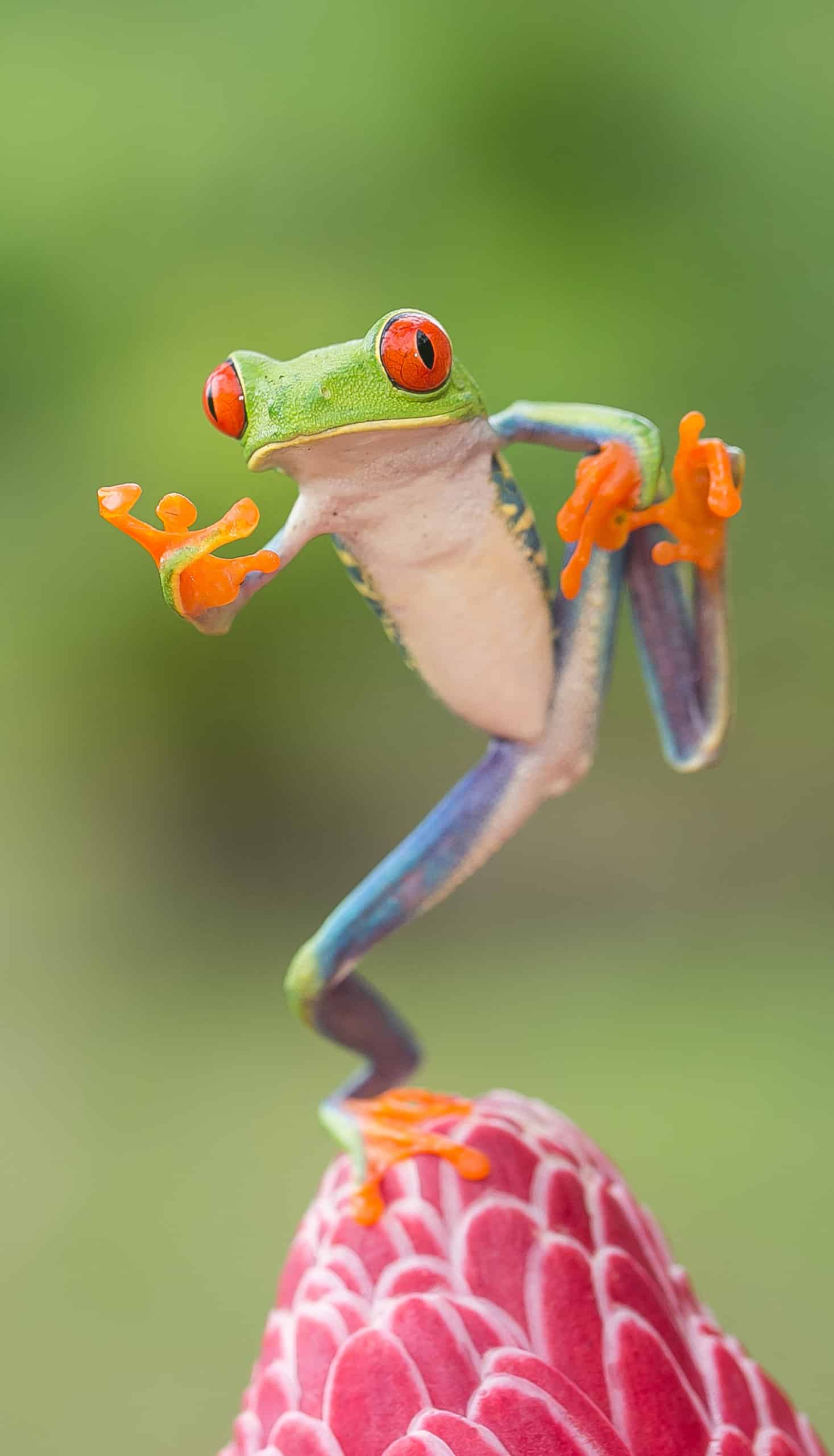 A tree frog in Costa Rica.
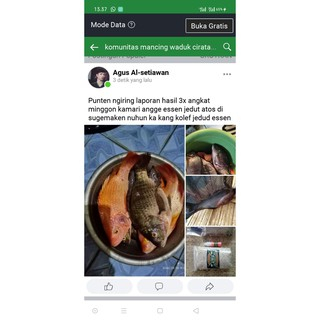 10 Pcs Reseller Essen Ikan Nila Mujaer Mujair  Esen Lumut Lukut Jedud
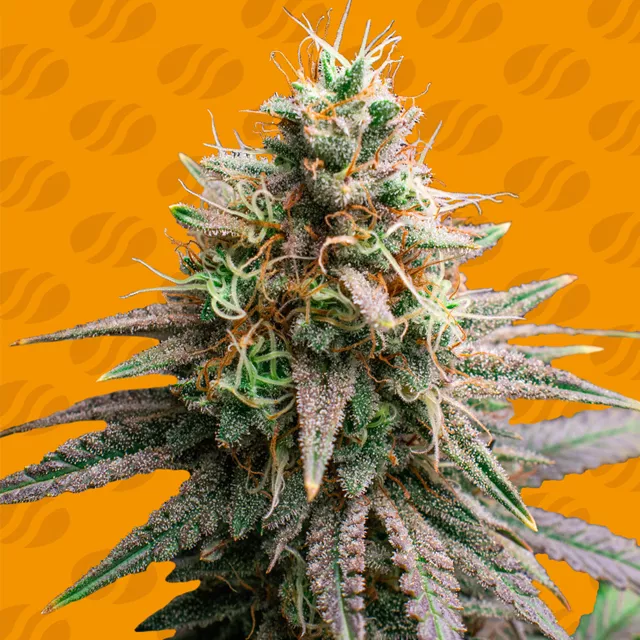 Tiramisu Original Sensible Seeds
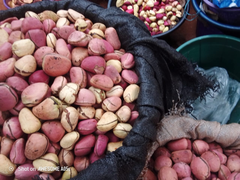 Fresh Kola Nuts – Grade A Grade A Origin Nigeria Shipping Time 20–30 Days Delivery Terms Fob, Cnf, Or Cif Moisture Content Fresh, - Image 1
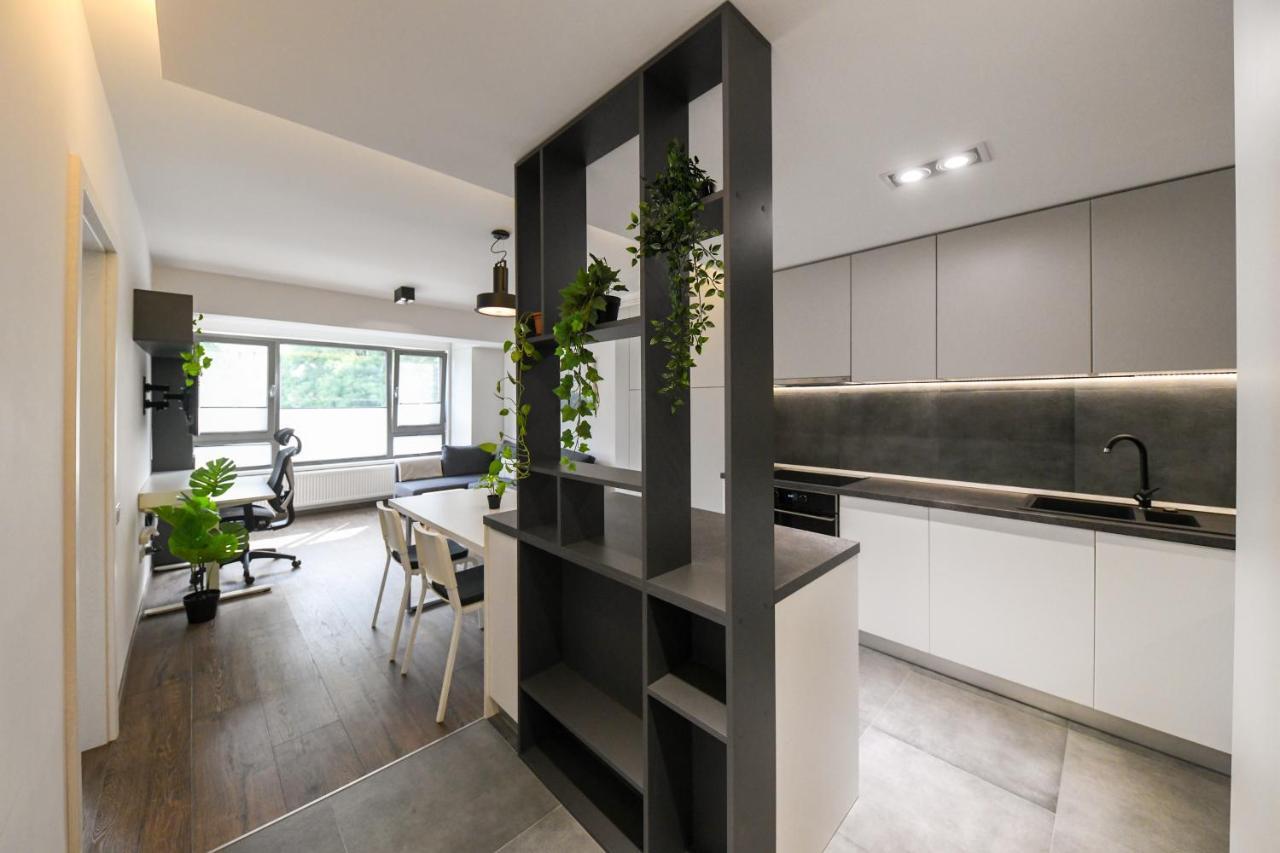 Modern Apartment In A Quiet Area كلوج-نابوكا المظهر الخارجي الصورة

====================

=== What to work on ===
Give the listing again in full, exactly as it is, but without its images.

=== Result ===
 A tree frog in Costa Rica.
 10 Pcs Reseller Essen Ikan Nila Mujaer Mujair  Esen Lumut Lukut Jedud
 Tiramisu Original Sensible Seeds
 Fresh Kola Nuts – Grade A Grade A Origin Nigeria Shipping Time 20–30 Days Delivery Terms Fob, Cnf, Or Cif Moisture Content Fresh, - Image 1
 Modern Apartment In A Quiet Area كلوج-نابوكا المظهر الخارجي الصورة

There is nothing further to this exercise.